▶ [Problem details]:
Each entry that follows is to be copied exactly, minus any pictures.
-*-*-
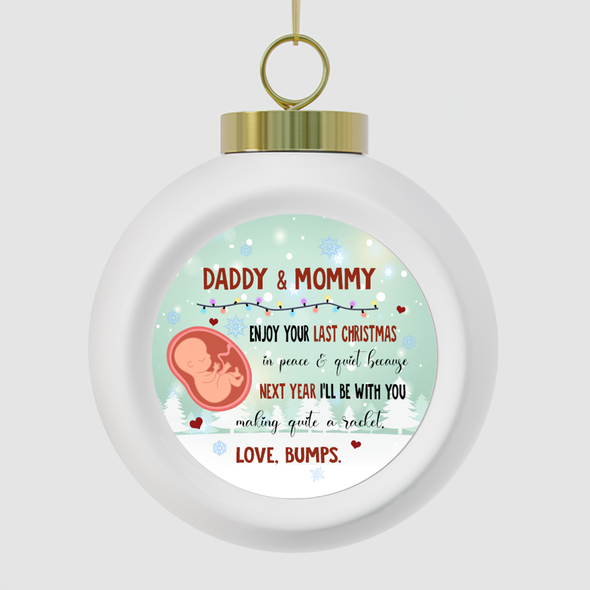 Gift For Future Mommy And Daddy Next Year I'll Be With You Making Quite A Racket Ornament - NT - NN0212214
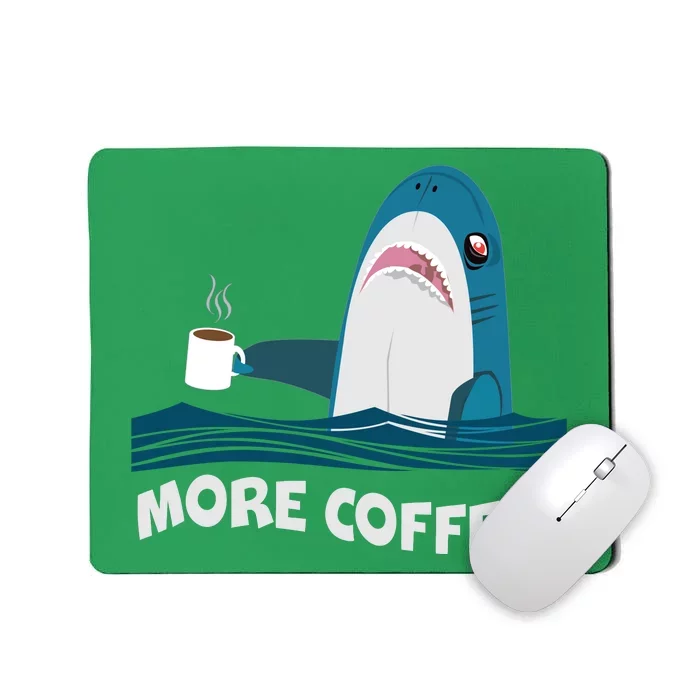 Funny More Coffee Shark Mousepad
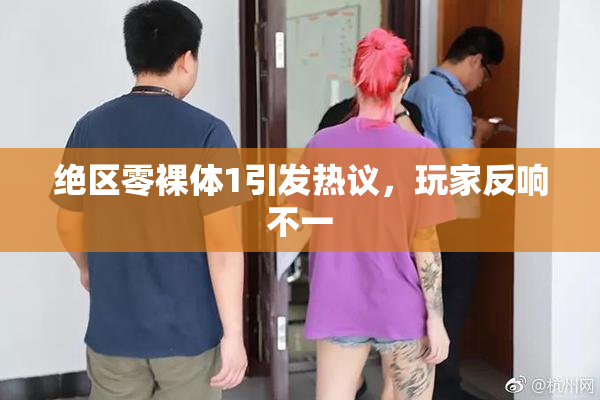 绝区零裸体1引发热议，玩家反响不一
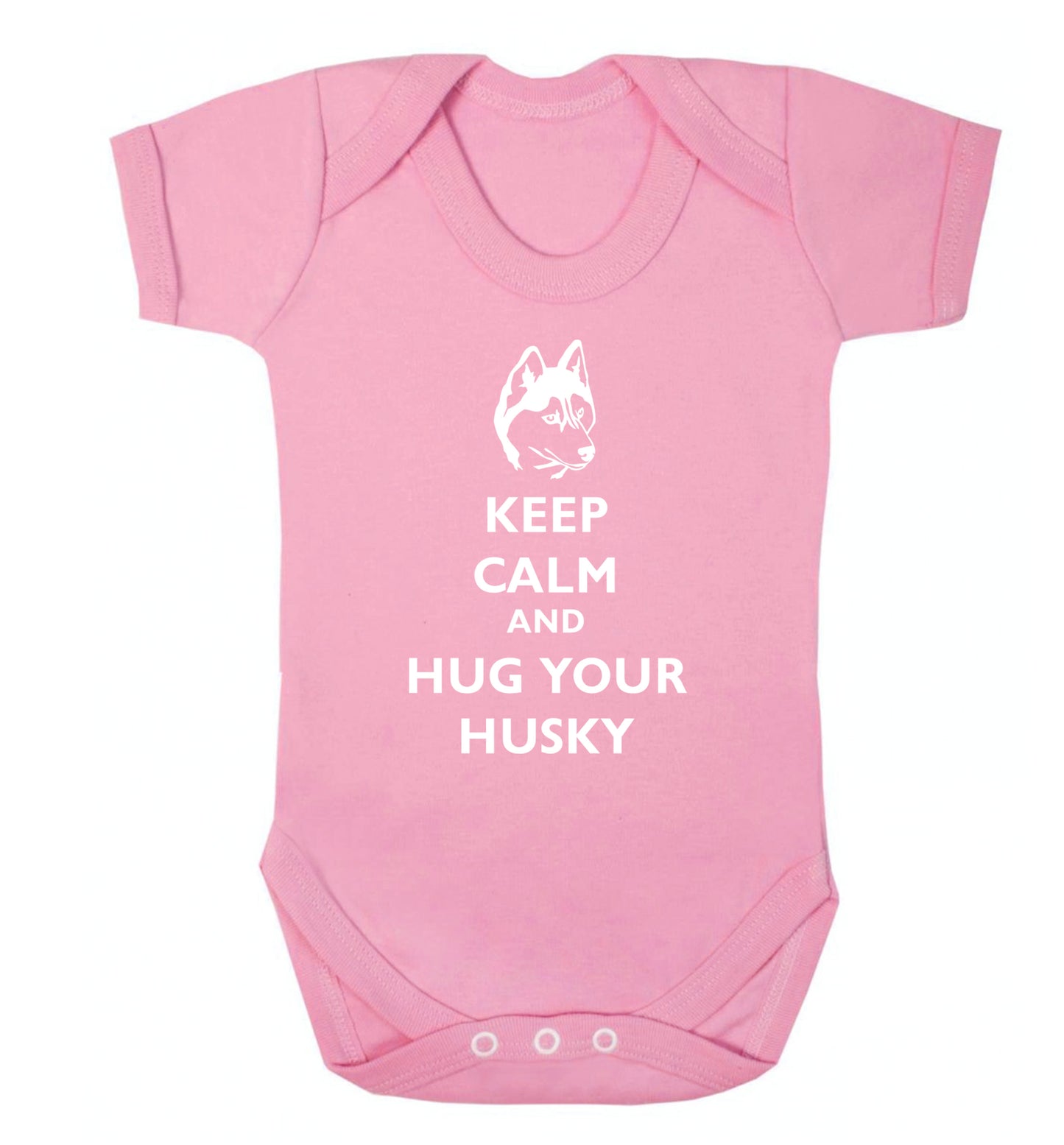Keep calm and hug your husky Baby Vest pale pink 18-24 months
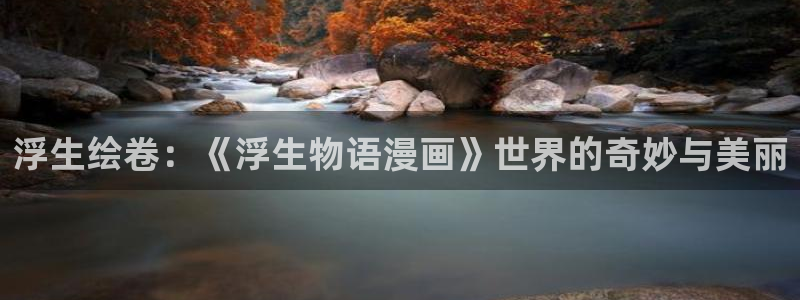 ios喵趣：浮生绘卷：《浮生物语漫画》世界的奇妙与美丽
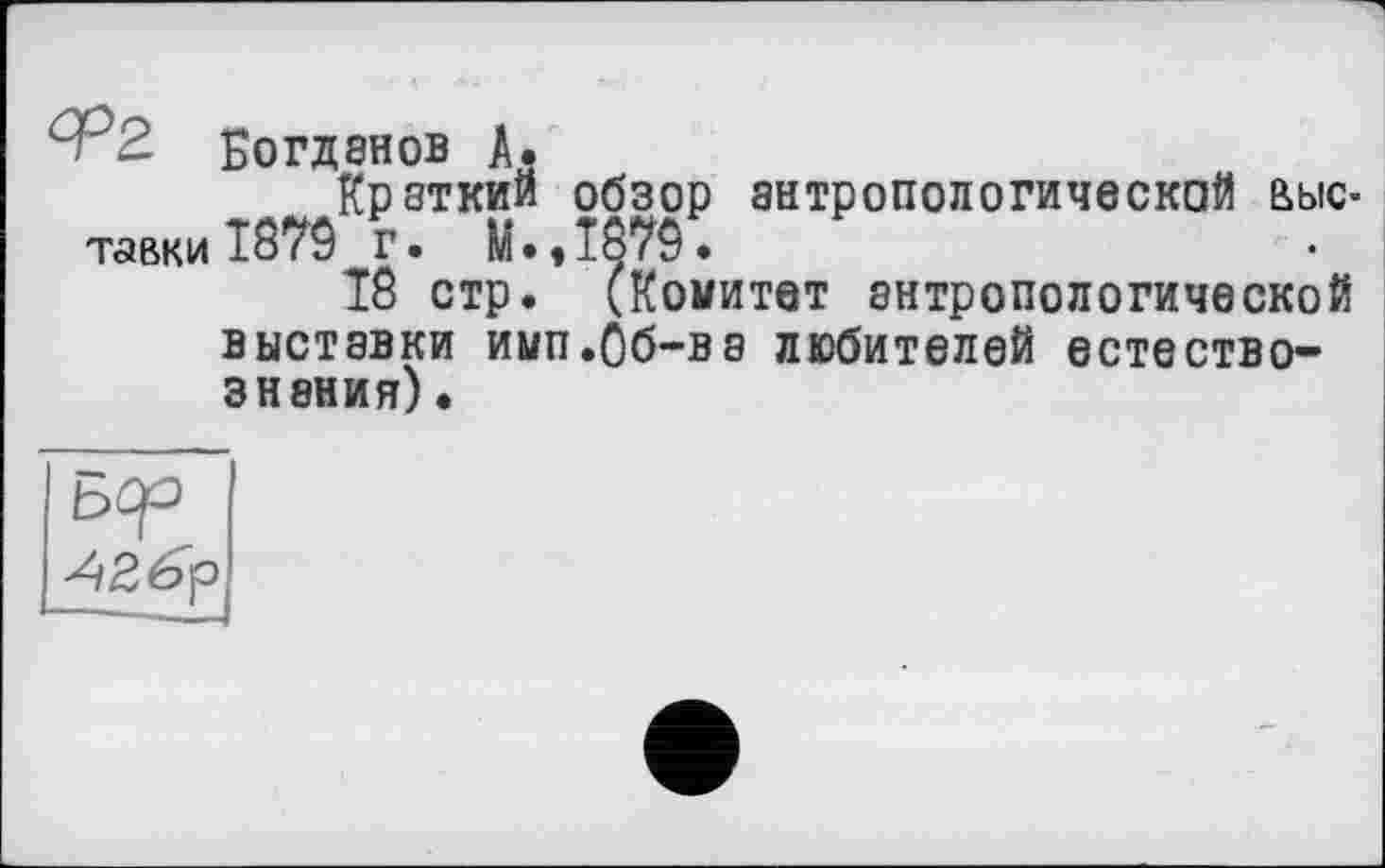 ﻿Богданов A.
Краткий обзор антропологической выс-тавки 10YÔ г. M.,iö79.
18 стр. (Комитет антропологической выставки имп.Об-ва любителей естествознания) •
Бер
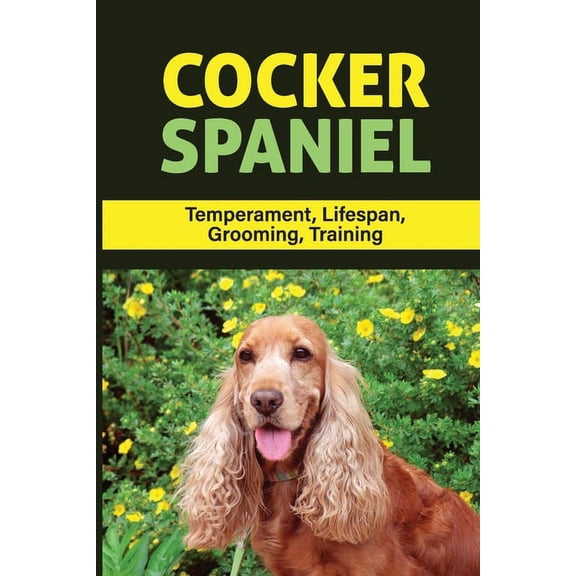 Cocker Spaniel: Temperament, Lifespan, Grooming, Training: How To Train A Cocker Spaniel Not To Bark (Paperback)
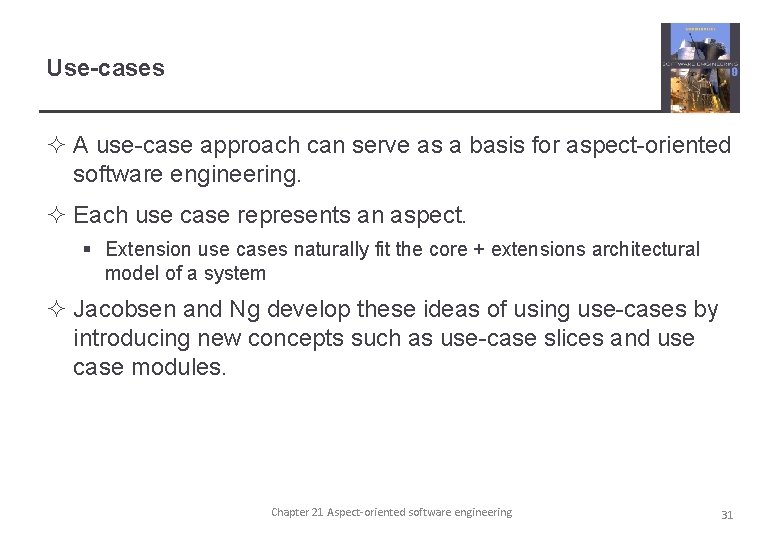 Use-cases ² A use-case approach can serve as a basis for aspect-oriented software engineering.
-*-*-
▶ [The completed task]:
 Gift For Future Mommy And Daddy Next Year I'll Be With You Making Quite A Racket Ornament - NT - NN0212214
 Funny More Coffee Shark Mousepad
 绝区零裸体1引发热议，玩家反响不一
Keep calm and hug your husky Baby Vest pale pink 18-24 months
 ios喵趣：浮生绘卷：《浮生物语漫画》世界的奇妙与美丽
 ﻿Богданов A.
Краткий обзор антропологической выс-тавки 10YÔ г. M.,iö79.
18 стр. (Комитет антропологической выставки имп.Об-ва любителей естествознания) •
Бер
 Cocker Spaniel: Temperament, Lifespan, Grooming, Training: How To Train A Cocker Spaniel Not To Bark (Paperback)
 Use-cases ² A use-case approach can serve as a basis for aspect-oriented software engineering.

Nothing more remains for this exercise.